Ekonomi yönetiminin bu nedenle yabancı sermaye girişini hemen başlatmak için elinden geleni yapacağı belli oluyor. Politika faizlerindeki artışın yanı sıra aldıkları önlemlerle tahvil faizlerinin de yukarı çıkmasını sağlamaya başladılar. Hazine faizlerinin son yapılan ihalelerle birlikte yüzde 40’a yaklaştığı görülürken, piyasa oyuncuları “yakında bu faizle yabancıların tahvil alımlarına başlayabileceğini” belirtiyorlar.

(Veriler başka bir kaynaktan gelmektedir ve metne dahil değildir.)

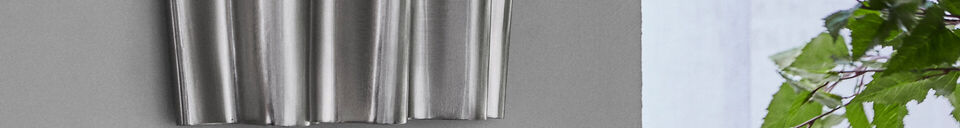 Materialbeschreibung Wandleuchte aus Eisen Silber gebürstet HDFlola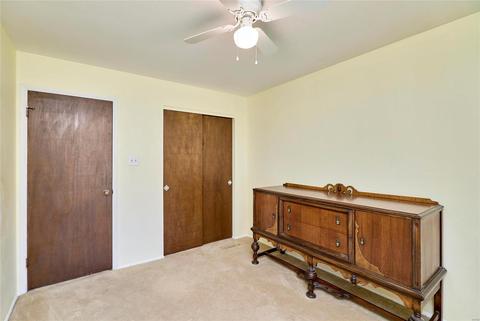 401 Sorrento Dr, Ballwin, MO 63021 photo 16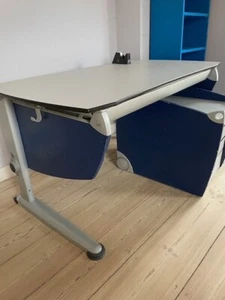Kinder und Jugend Schreibtisch, mit Roll-Unterschrank und Stuhl ( Firma MOLL) - Bild 1 von 5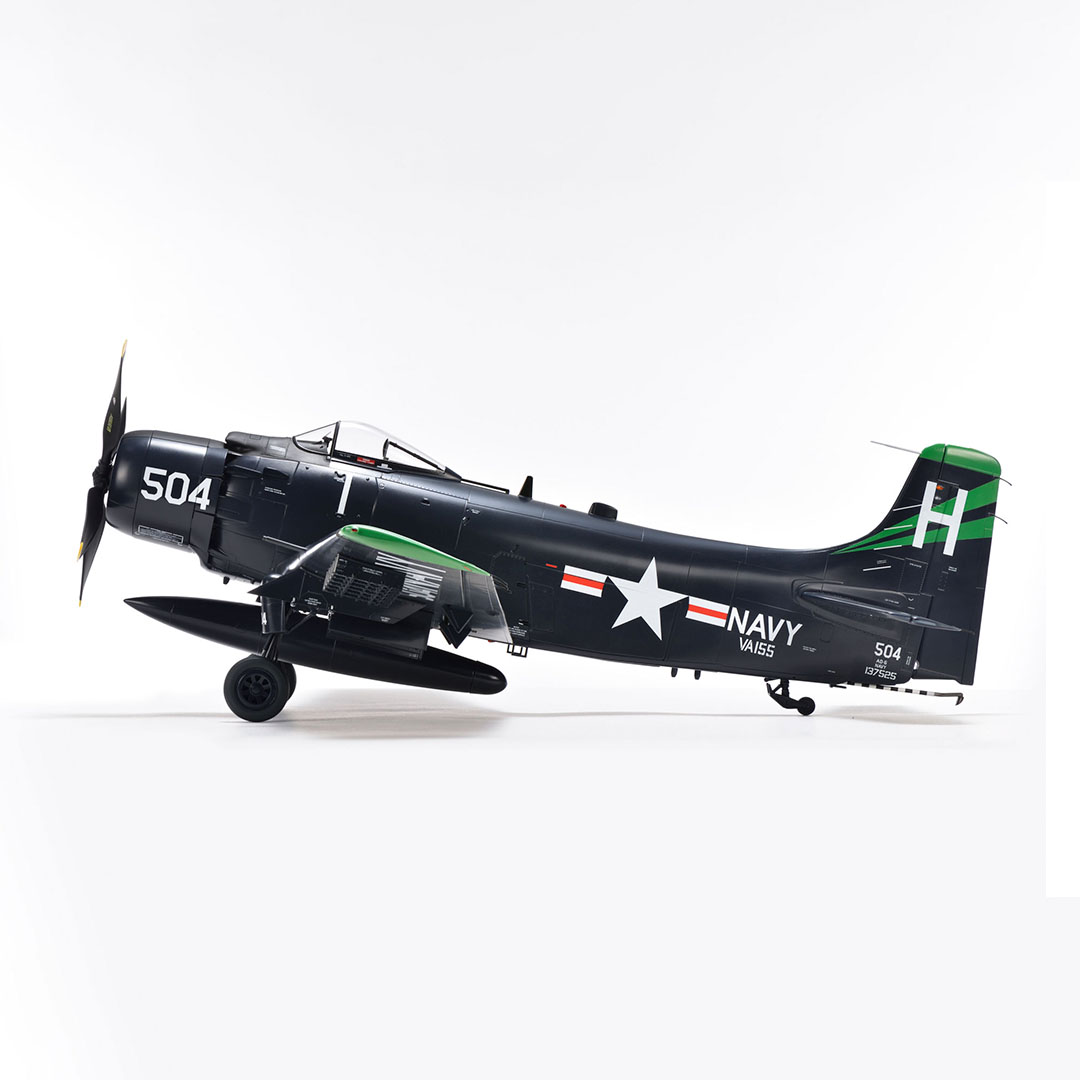 Zoukei-Mura Douglas AD-6 (A-1H) Skyraider 1/32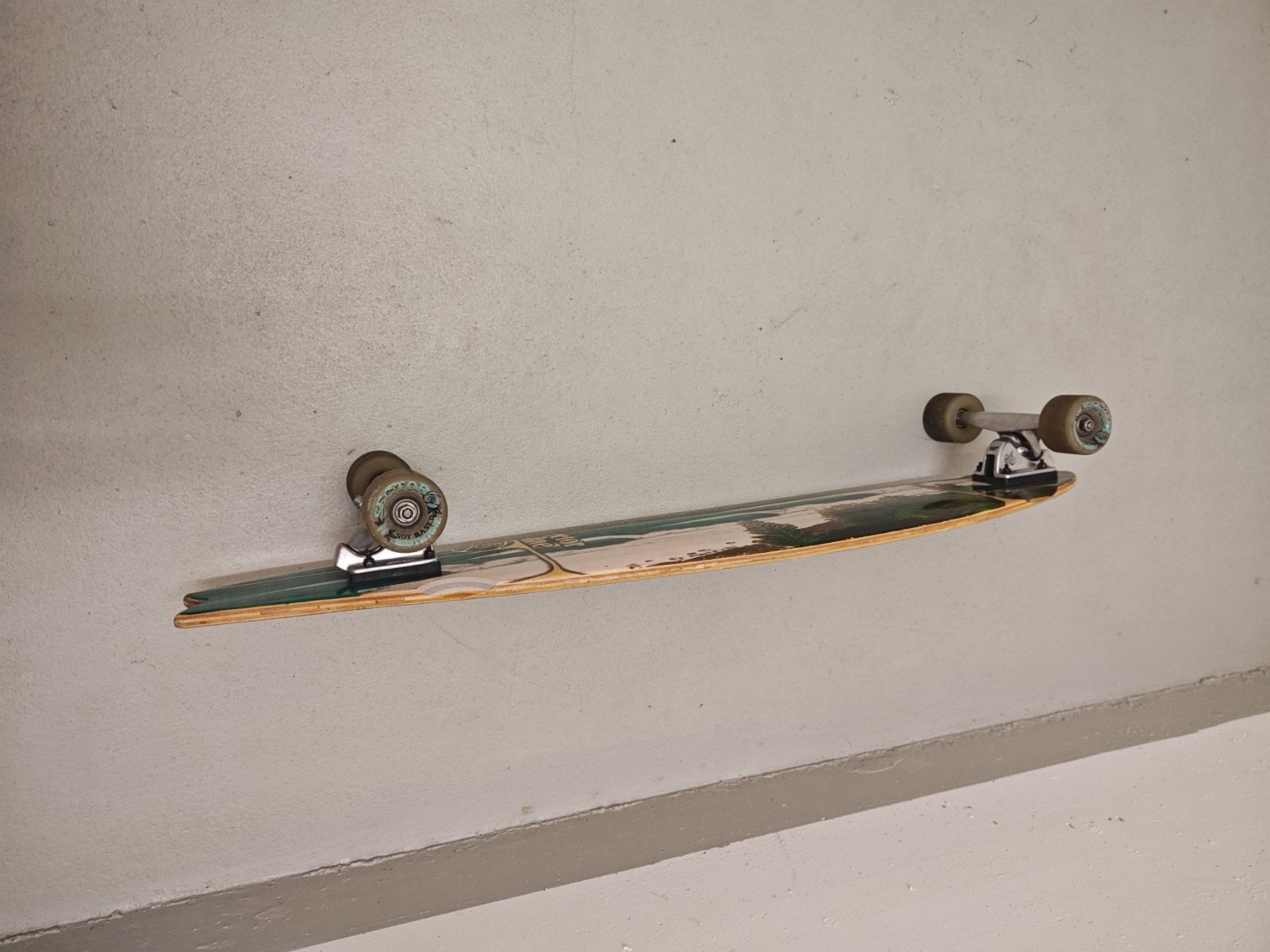 Sector 9 Skateboards: Sector 9 Longboard "Lennox Head" – Fishtail Cruiser – Usato da Kreuzlingen venduto da joe_ts8c 1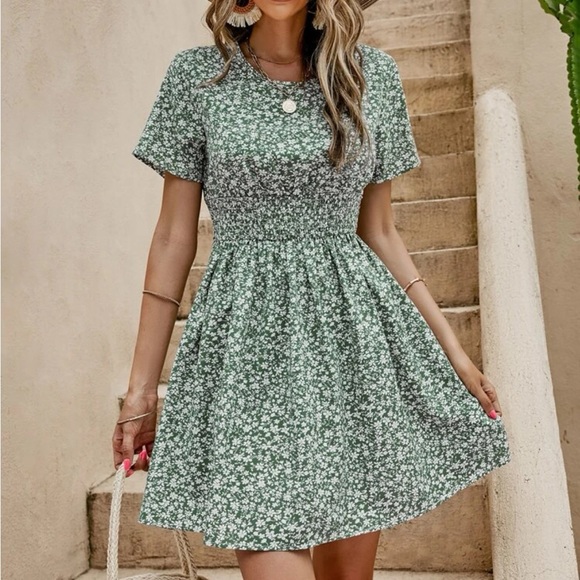 . Dresses & Skirts - Cottagecore Emerald Floral A-Line Dress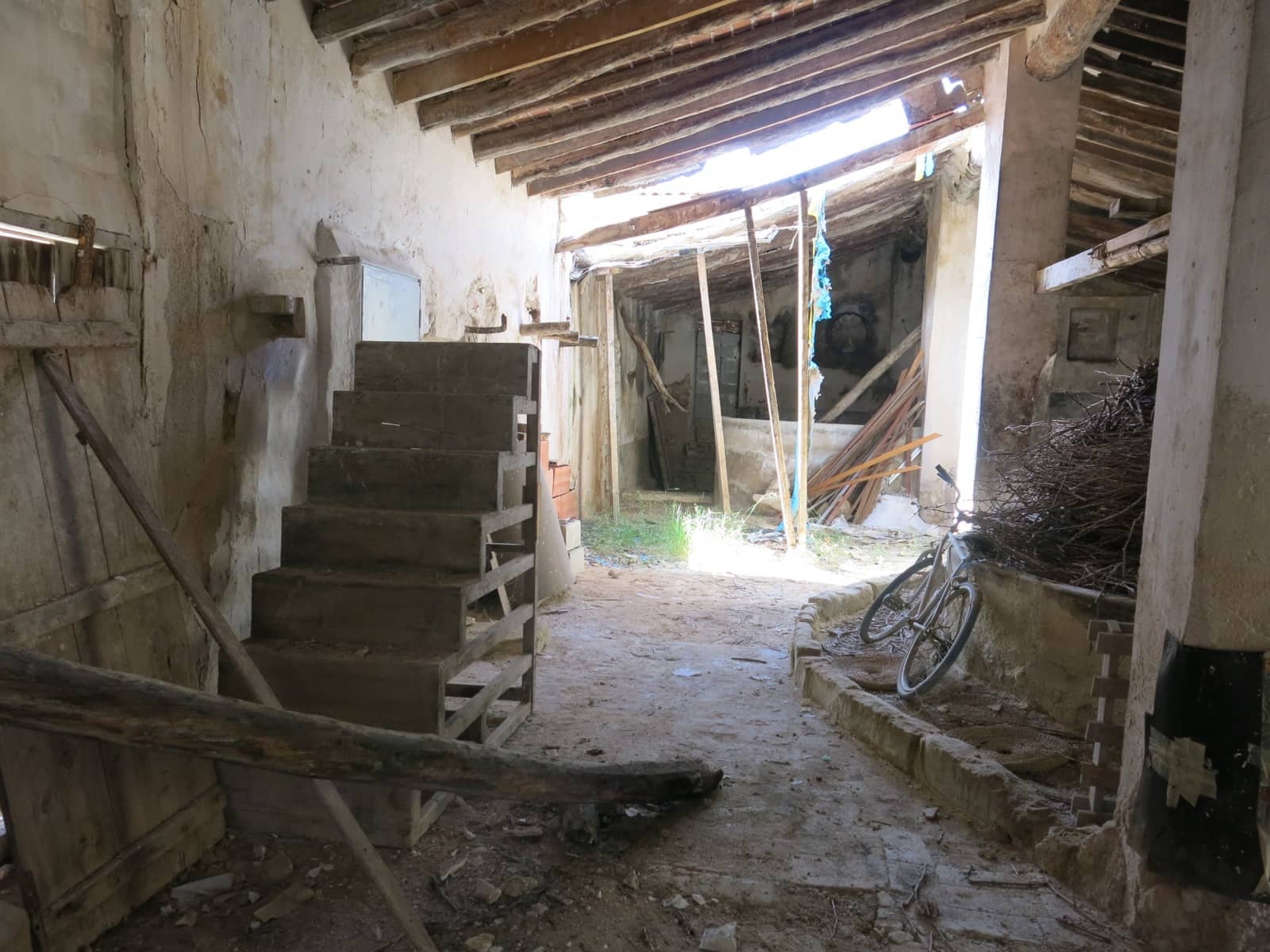 4 slaapkamer Finca/Landhuis te koop in Pinoso met zwembad - € 75.000 (Ref: 5421054)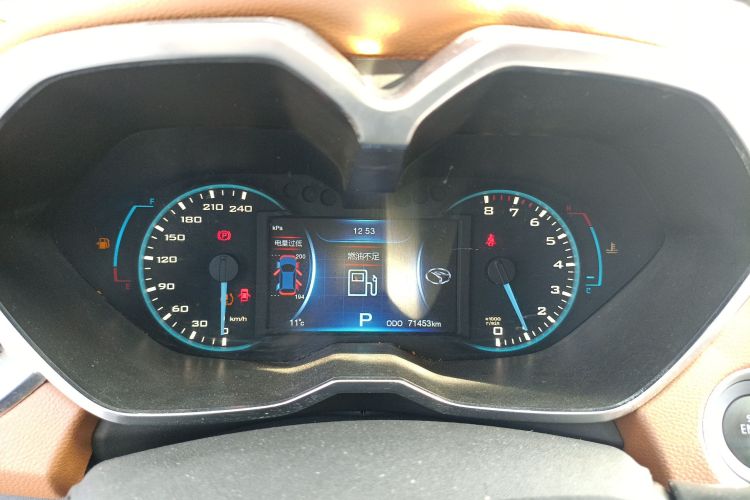 东南DX7 2017款 1.5T 自动豪华型中控内饰14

2 yıl süresince verilecek yüzde 40 oranındaki faizin, enflasyon beklendiği gibi düştüğü takdirde, çok önemli bir getiri sağlayacağı da kesin. Özetle; artık yabancı sermaye girişinde maliyete bakma dönemi geride kaldı. Ekonomi yönetimi bir an önce girişi başlatmak için, maliyetine bakmadan, her aracı deneyerek, bu konuda somut adımlar attığını göstermek istiyor.